Why is mediation so effective in real estate disputes?
Mediation is effective in many areas, including real estate. It is advantageous because it is:
- A private and confidential process
- Its purpose is to reach a mutual agreement, not to declare one party right and another wrong.
- Mediation is cost-effective and faster than going through court proceedings.
- It allows the parties to come up with the terms of their agreement on their own
- The mediator is trained to facilitate the conversation and provide structure, but the parties are ultimately in control.
- Real estate mediation should involve a mediator experienced in real estate matters, such as titles, adverse possession, easements, eminent domain, and more.
Courts all around the country encourage parties in dispute to mediate their conflict. If the parties reach a final agreement or settlement in mediation, that agreement can be legally binding.
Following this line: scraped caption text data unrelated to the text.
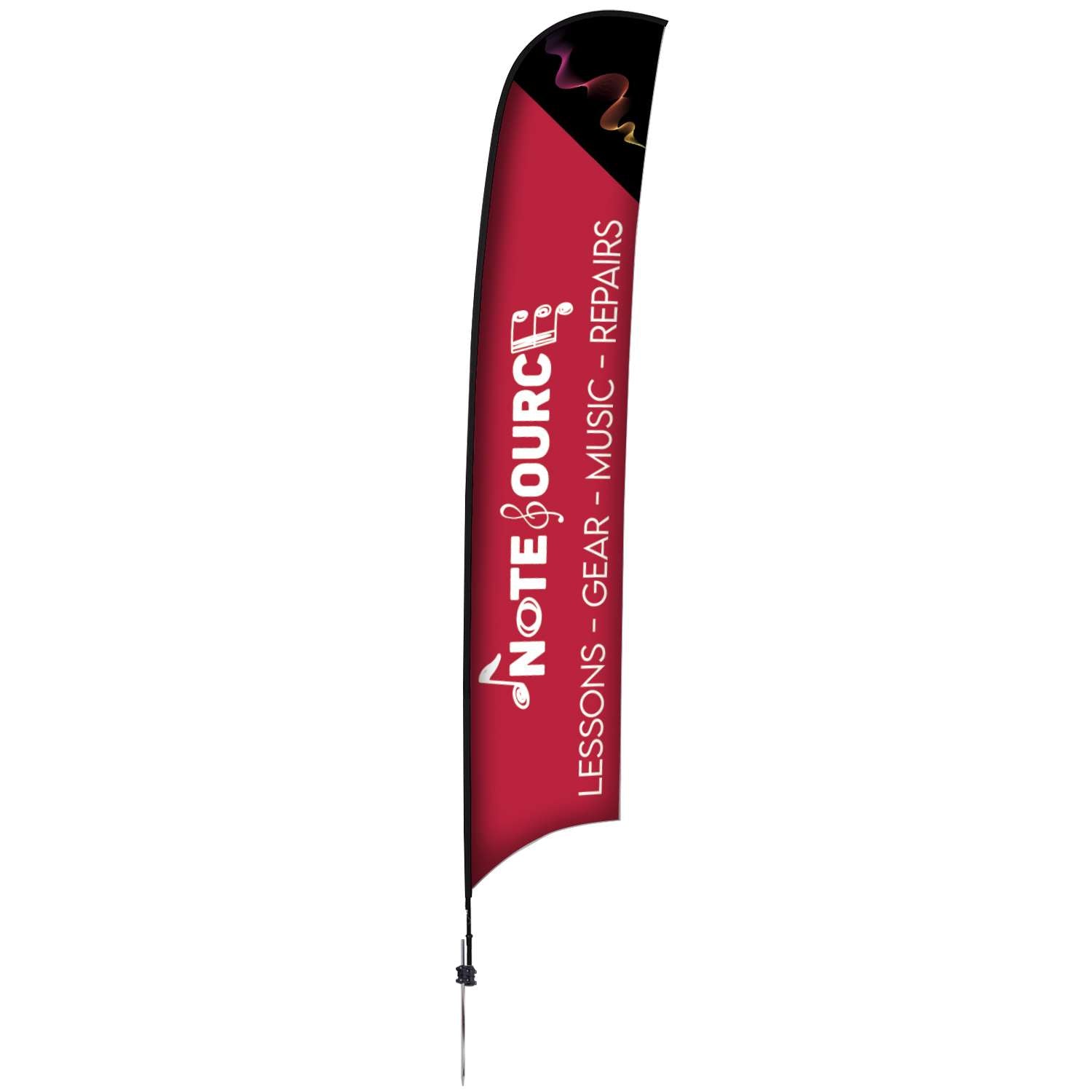 17' Elite Razor Nylon Sail Sign Kit (Single-Sided with Ground Spike)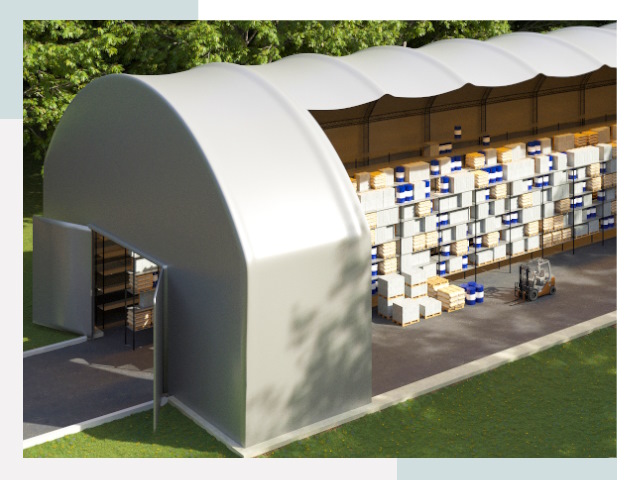 Тентовые ангары в Кызыле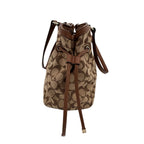COACH Signature Stripe Tote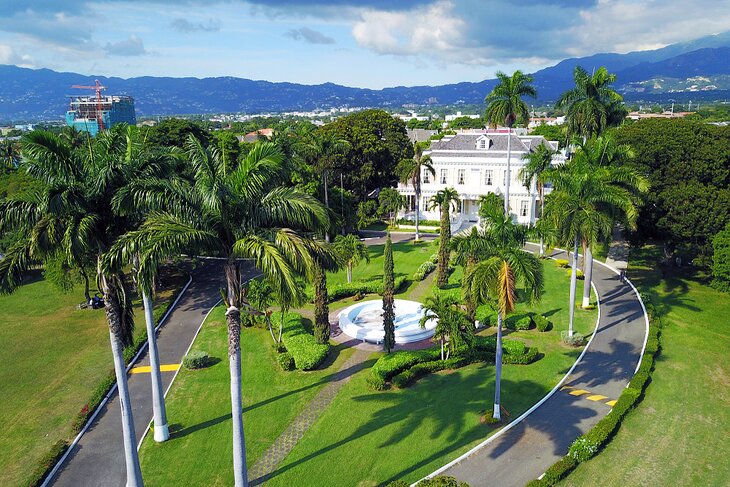 Aerial view of Devon House in Kingston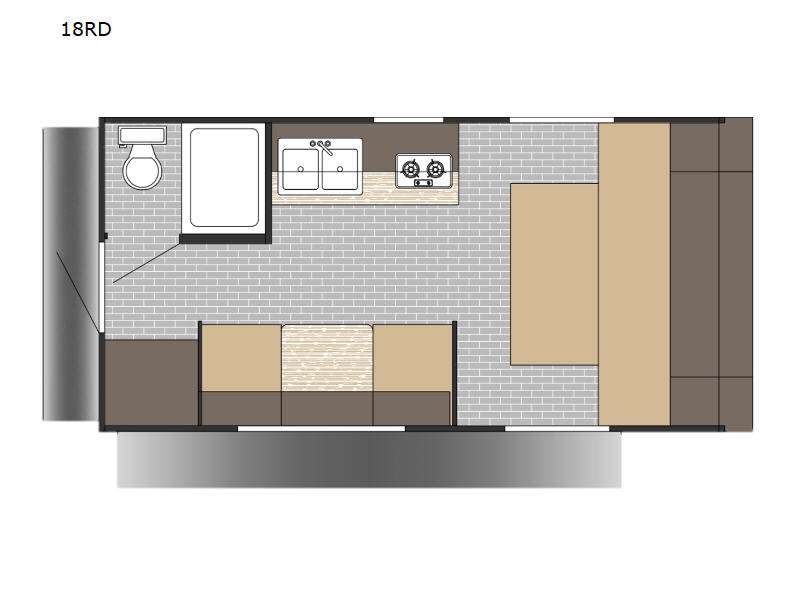 2026 Sun Lite 18RD floor plan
What does mediation look like?
Mediation is highly flexible and tailored to the clients in each case. For example, suppose the parties are in a high-conflict situation. In that case, the mediator may keep them in separate rooms. In contrast, the mediator goes back and forth, negotiating an agreement between them.
While mediation is not the answer in all cases, it is a highly effective way of solving problems in many cases and is certainly worth a try before going to trial.